February 15, 2012
Where were newlyweds supposed to honeymoon in the future? The moon, of course.
Honeymoons on the moon show up in popular culture throughout the 1950s and 60s, in everything from songs to comic strips. The June 1, 1958 edition of the Sunday comic strip “Closer Than We Think” by Arthur Radebaugh claimed that it would be the new default destination for lovebirds, replacing the cliched honeymoon spot, Niagara Falls:
Scenic spots on the moon, in years ahead, may become honeymoon havens, like Niagara Falls today. Newly wedded couples will be able to fly to a low-cost lunar holiday in a space craft propelled by thermo-nuclear energy. Space expert Wernher von Braun foresees pressurized, air-conditioned excursion hotels and small cottages on the moon. Couples could dance gaily there, whirling high in the air due to reduced gravity pull, and look out on a strange, spectacular scenery — part of which would be a spaceman’s view of the familiar outlines of the continents of the earth.
Father Andrzejewski, a priest in a small Wisconsin town, spoke to a group of Girl Scouts in 1962 about the 50th anniversary of the Scouts organization and said, “What looked difficult 50 years ago, is now commonplace, and only these last few weeks do we realize that perhaps one of the Brownies here today might spend her honeymoon on the moon.”
Father Andrzejewski’s reference to “these last few weeks” was about John Glenn who, on February 20, 1962, became the first American to orbit the earth. With each new advance made in space, it seemed ever more inevitable that average citizens would soon be visiting the moon — even for their honeymoon.

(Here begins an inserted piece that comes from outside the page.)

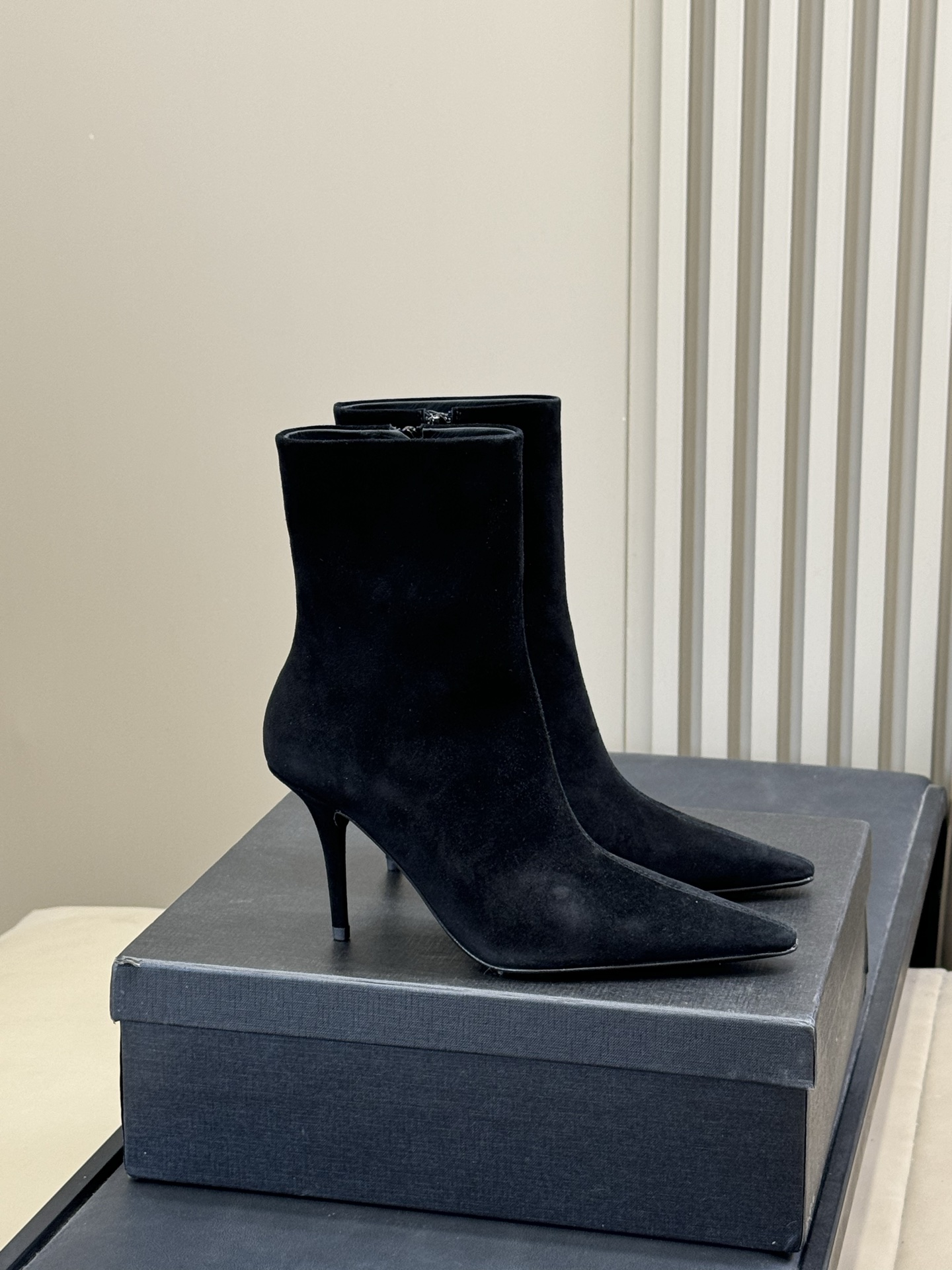 NO:649436,ysl fw25 new arrival～ ysl 25 new autumn and winter stiletto heel short boots. Exquisite and high-end, so sexy and beautiful. The calfskin material is great, and the lining is sheepskin. The soles are reasonable. Imported cowhide soles. Size 35-41, boots, saint laurent, boots, cowhide, sheepskin19860909ysl fw25 new arrival～ ysl 25秋冬细高跟短靴新品 精致高级,好性感好美 小牛皮材质很赞、内里羊皮 鞋底有道理进口牛皮底 size 35-41,靴子,saint laurent,boots,cowhide,sheepskin,Women's Shoes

The October 21, 1966 Sandusky Register in Ohio ran a short piece in the Opinion section about honeymoons on the moon, with an admittedly odd kicker:
Young ladies who expect the moon when they get married may one day have their wish. Astronomer Fred Whipple predicts that in the not too distant future trips to the moon will replace the traditional journey to Niagara Falls.
Just how soon is anybody’s guess. Dr. Eugene Konneci of the National Aeronautics and Space Council thinks spaceships might be book passengers around the year 2001. But he says ticket prices will probably be figured according to the traveler’s weight — at about $10 a pound.
If so, that old 20th century saying that nobody loves a fat girl will be even truer in the 21st. At least, those who do will think twice before proposing a honeymoon on the moon.
In 1964 the comic strip “Dick Tracy” had a young couple visit the moon for their honeymoon.
Though newlyweds aren’t rocketing off to the moon just yet, we continue to see private space tourism as a promise that awaits us just around the corner.